- Battle of Masaya: Part of the United States occupation of Nicaragua, Banana Wars, Nicaraguan civil war of 1912
| Date | 19 September 1912 |
| Location | Masaya, Nicaragua |
| Result | American victory |

Belligerents
- United States: Nicaraguan Rebels

Commanders and leaders
- Smedley Butler: Benjamín Zeledón †

Strength
- 400 marines & sailors 2 machine guns 2 guns": 150 "armed horsemen" snipers (in buildings along the railroad track)

Casualties and losses
- 6 wounded 3 captured (one of whom was slightly wounded): 56–68 killed 60–70 wounded (12 of whom later died)

= Battle of Masaya (1912) =

1912 battle in Nicaragua

The Battle of Masaya took place on 19 September 1912, during the American occupation of Nicaragua of 1912–1925 and the Nicaraguan civil war of 1912.

==Background==
In the midst of a civil war in Nicaragua between the Conservative government and rebels, consisting of Liberals and dissident Conservatives, an expedition of 400 American Marines and sailors, plus "a pair of Colts and 3-inch guns," led by Smedley Butler was sent out to seize Granada from rebel forces. Traveling by train, Butler's forces reached the outskirts of Masaya, where they were threatened by rebels led by Benjamín Zeledón atop the hills of Coyotepe and Barranca. The Americans negotiated with Zeledón for safe passage past the two imposing hills.

==Battle==
On the evening of 19 September 1912 the Americans continued their journey into the city of Masaya, with Butler, "legs dangling," sitting at the front of the train on a flatcar placed in front of the engine. The train had nearly gotten through the town, when, at Nindiri Station, the Americans were confronted by two mounted Nicaraguans. These two men, possibly drunk, opened fire with pistols, striking Corporal J. J. Bourne, who was next to Butler, in the finger. Butler had the train stopped, so a corpsman could be summoned to aid Bourne.

Before long, snipers in the houses on both sides of the railroad track and 150 "armed horsemen" began shooting at the American-occupied train. The U.S. forces, both inside the train and outside (taking cover alongside the roadbed), including the machine gunners on top of the boxcars, "returned fire." Three Marines, Private C. P. Browne, Private Ray Betzer, and Trumpeter W. M. Brown, were soon hit by fire from the Nicaraguan rebels. Meanwhile, the train's engineer had taken cover under his seat, and Butler had to get him out from that hiding spot. The most intense period of fighting lasted five minutes, "then [the firing] gradually died out."

The train now started picking up steam, leaving behind the Marines, led by Captain Nelson P. Vulte, who had sought refuge by the roadbed.
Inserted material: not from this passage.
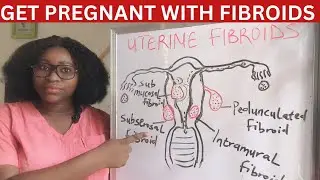 Uterine Fibroids ; Types, Causes, Symptoms & Treatment Of Uterine Fibroids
These troops had to seize handcars and catch up with the train. In all, the battle lasted "less than half an hour."

During the firefight, five Americans were wounded and three captured (one of which was "slightly wounded") and soon released.

==Aftermath==
Nicaraguan losses were either 56 killed outright and 70 wounded (12 of whom would later die) or 68 killed and 60 wounded. The day following the incident (September 20, 1912), Zeledón's emissary delivered apologies to the Americans, claiming that the attack was "unauthorized." However, the Masaya ambush, called "an act of treachery on the part of General Zeledón," was allegedly "premeditated" and "carefully planned." Butler's forces continued on to Granada, where they would convince rebel commander Luis Mena to surrender and go into exile in Panama. U.S. forces would later on in the civil war return to the Masaya area to storm Coyotepe hill.